Skip to content
— CH. 1 · INTRODUCTION —

Design

~6 min read · Ch. 1 of 6
6 sections
  • Design is a concept or proposal for an object, process, or system. The word carries a quiet ambition. It refers to something intentionally created by a thinking agent. The same word also describes the inherent nature of a thing, its design, the shape it ended up with. As a verb, to design means to develop that plan. So one short word covers a sketch, a finished circuit diagram, and the act of imagining either one.

    Herbert A. Simon offered a definition that widens the field dramatically. He wrote that everyone designs who devises courses of action aimed at changing existing situations into preferred ones. Under that view, a parent planning a route and an engineer drafting a bridge are doing the same kind of work. So what separates the professional designer from the rest of us. And if everyone designs, why do scholars still argue about how design actually happens. The answers run through schools founded two centuries ago, through a fight between two rival models of the design process, and through a long list of approaches that each insist design should serve a different master.

  • People who produce designs are called designers, and the term usually points to someone working professionally in a design field. The word rarely travels alone. It is qualified by an area of practice, so we get fashion designer, product designer, web designer, or interior designer. The label can also stretch to cover architects and engineers. Even direct construction of an object without an explicit prior plan, as in arts and crafts, can count as design.
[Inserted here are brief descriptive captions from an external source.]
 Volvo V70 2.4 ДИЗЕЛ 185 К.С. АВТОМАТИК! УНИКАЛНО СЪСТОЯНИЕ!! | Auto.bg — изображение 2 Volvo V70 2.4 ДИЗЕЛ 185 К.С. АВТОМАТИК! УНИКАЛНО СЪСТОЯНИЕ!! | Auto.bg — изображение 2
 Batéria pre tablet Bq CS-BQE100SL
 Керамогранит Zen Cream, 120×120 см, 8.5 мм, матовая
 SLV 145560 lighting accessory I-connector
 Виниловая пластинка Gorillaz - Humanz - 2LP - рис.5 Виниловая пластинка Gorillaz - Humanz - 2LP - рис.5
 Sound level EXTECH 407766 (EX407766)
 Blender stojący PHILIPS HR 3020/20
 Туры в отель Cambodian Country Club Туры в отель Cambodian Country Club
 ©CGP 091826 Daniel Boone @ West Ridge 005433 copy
    Nigel Cross pushed the boundary further than the professions. The design researcher argued that everyone can, and does, design. He described design ability as something everyone has to some extent, because it is embedded in our brains as a natural cognitive function. That claim reframes designing as ordinary mental equipment rather than rare talent. The sequence of activities a designer uses to produce a design is called a design process. Some practitioners employ named methods such as design thinking, while a single process can run from a quick sketch to a long effort full of research, negotiation, reflection, modeling, and re-design.

  • The study of design history is complicated by a basic disagreement: what even counts as designing. Some historians, such as John Heskett, look to the Industrial Revolution and the rise of mass production. Others begin their narratives in prehistoric times, counting pre-industrial objects and artefacts. The discipline grew out of art history and coalesced in the 1970s, when interested academics worked to recognize design as a separate and legitimate target for historical research. Early influential figures include the German-British art historian Nikolaus Pevsner and the Swiss historian and architecture critic Sigfried Giedion.
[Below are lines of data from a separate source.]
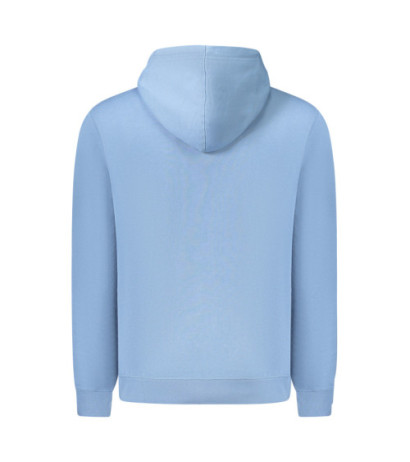 Hugo boss džemperis 50509314WETALK Žydra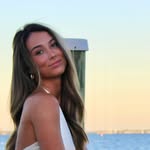 Lucy Lupinek - @lucy_sellsinsurance - Instagram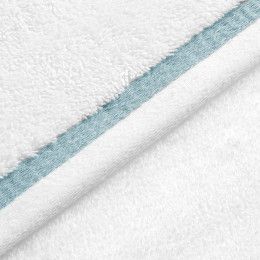 Полотенце Felice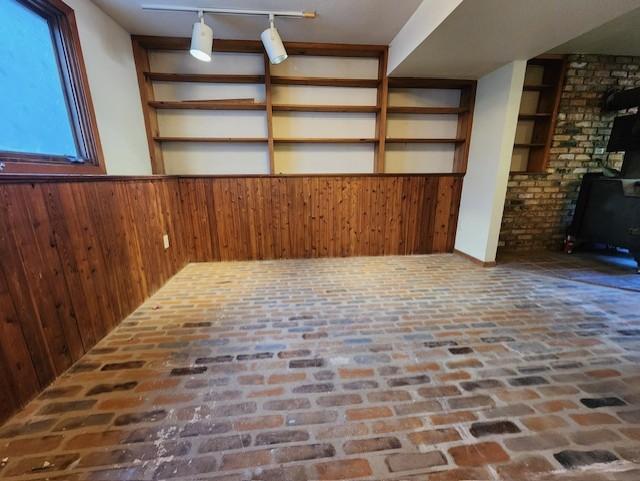View of Residential at 28957 Linden Avenue, Lindstrom MN 55045, Lindstrom (37 of 46) - Mike Wilen | Minnesota Team Real Estate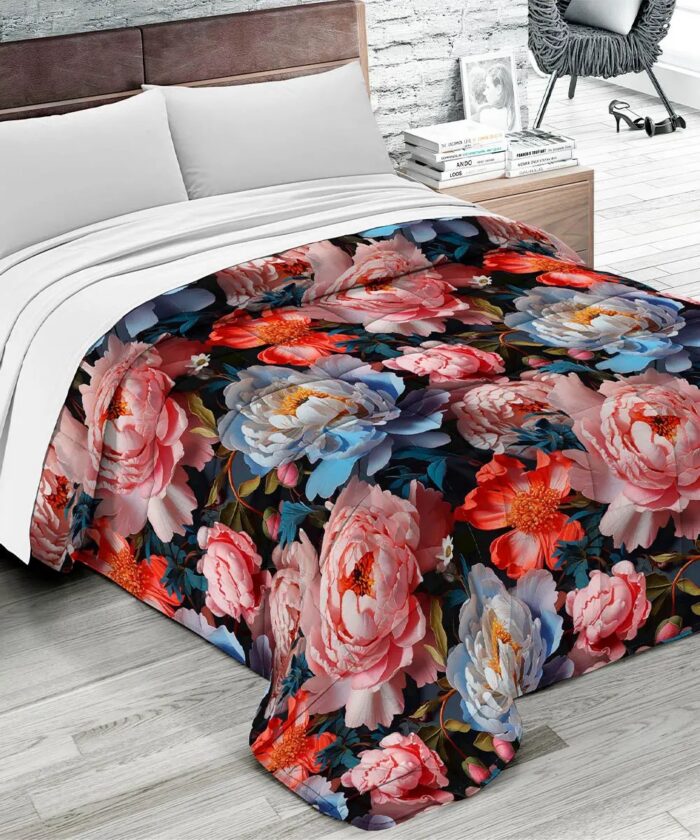 Flora-06-voodikate-interjöör Päevatekk Flora-06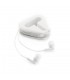 FARADAY Auriculares
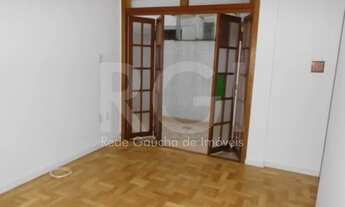 Imagem: Apartamento para Locação/Aluguel - 50m²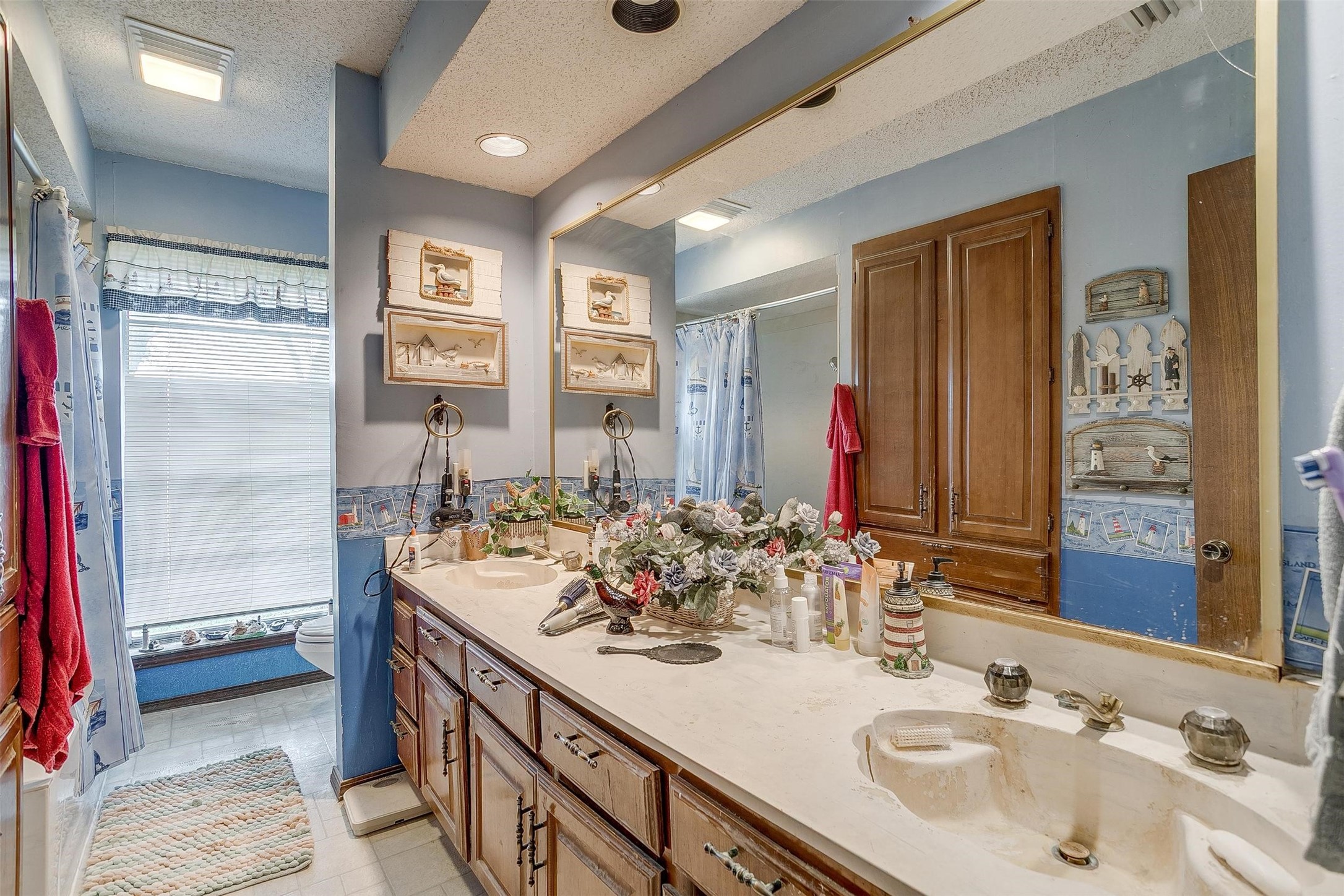 1000 Meadow Hill Road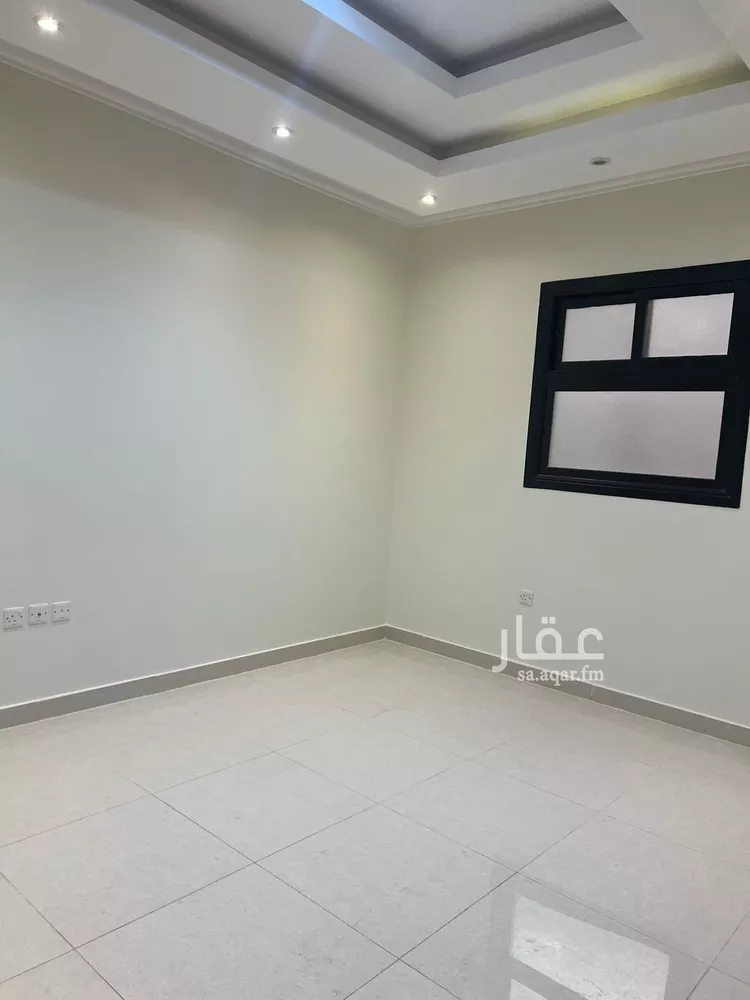 شقة للإيجار في شارع رقم 518, حي الملقا, مدينة الرياض, منطقة الرياض صورة 3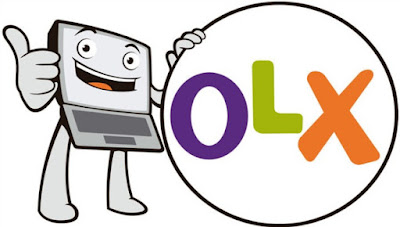 OLX OLX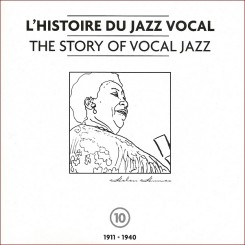 The Story of Vocal Jazz 1911-1940 [disc 10].jpeg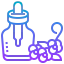 Dropper icon 64x64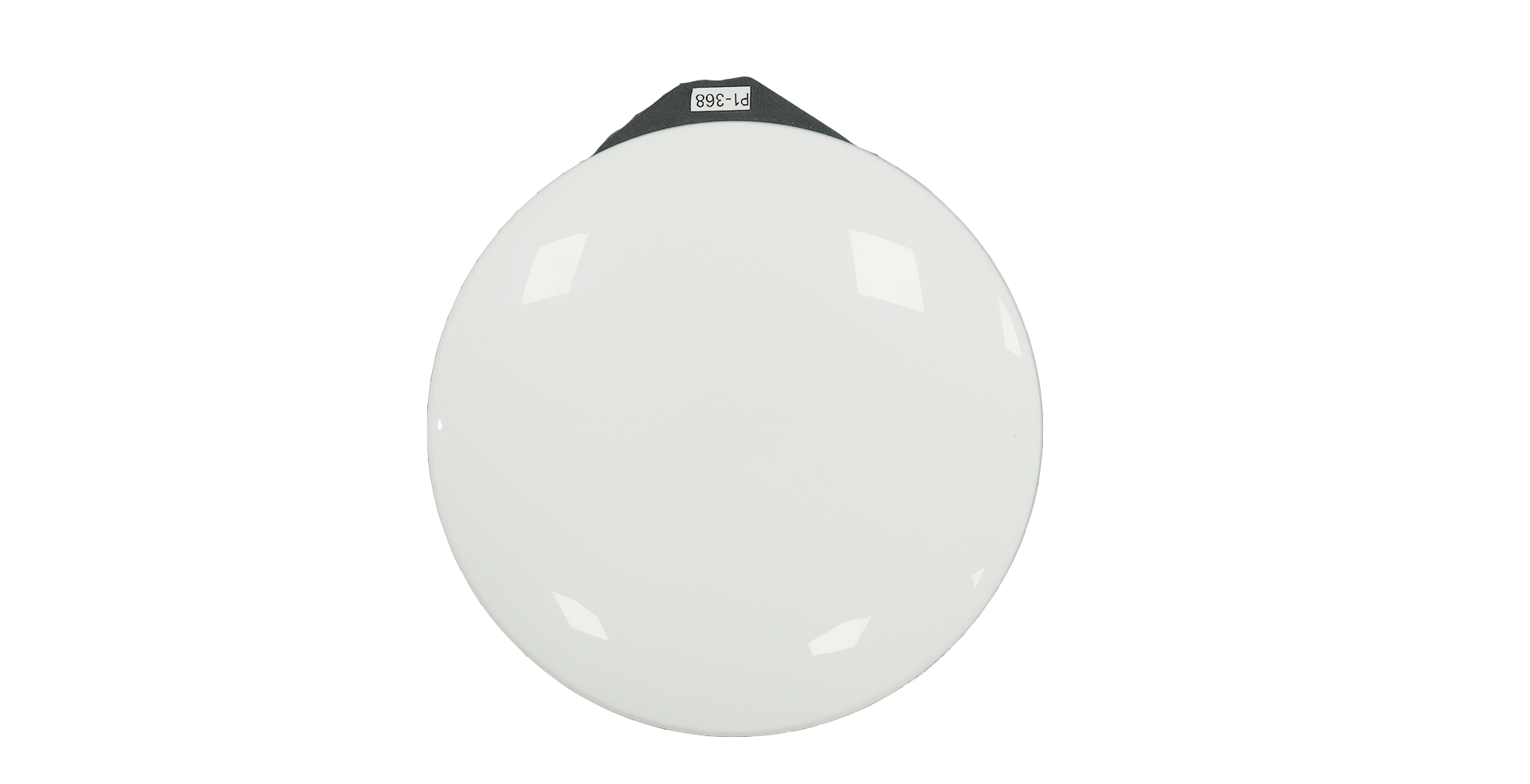 Survey Grade RTK Top.png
    Institutions for design education in Western Europe reach back to the nineteenth century. The Norwegian National Academy of Craft and Art Industry was founded in 1818. The United Kingdom's Government School of Design followed in 1837, and Konstfack in Sweden in 1844. The Rhode Island School of Design was founded in the United States in 1877. The German art and design school Bauhaus, founded in 1919, greatly influenced modern design education. That teaching has traditionally prepared students for professional practice through project work and studio, or atelier, methods. The growth of design in general education in the 1970s pushed scholars to identify what they called designerly ways of knowing, thinking, and acting.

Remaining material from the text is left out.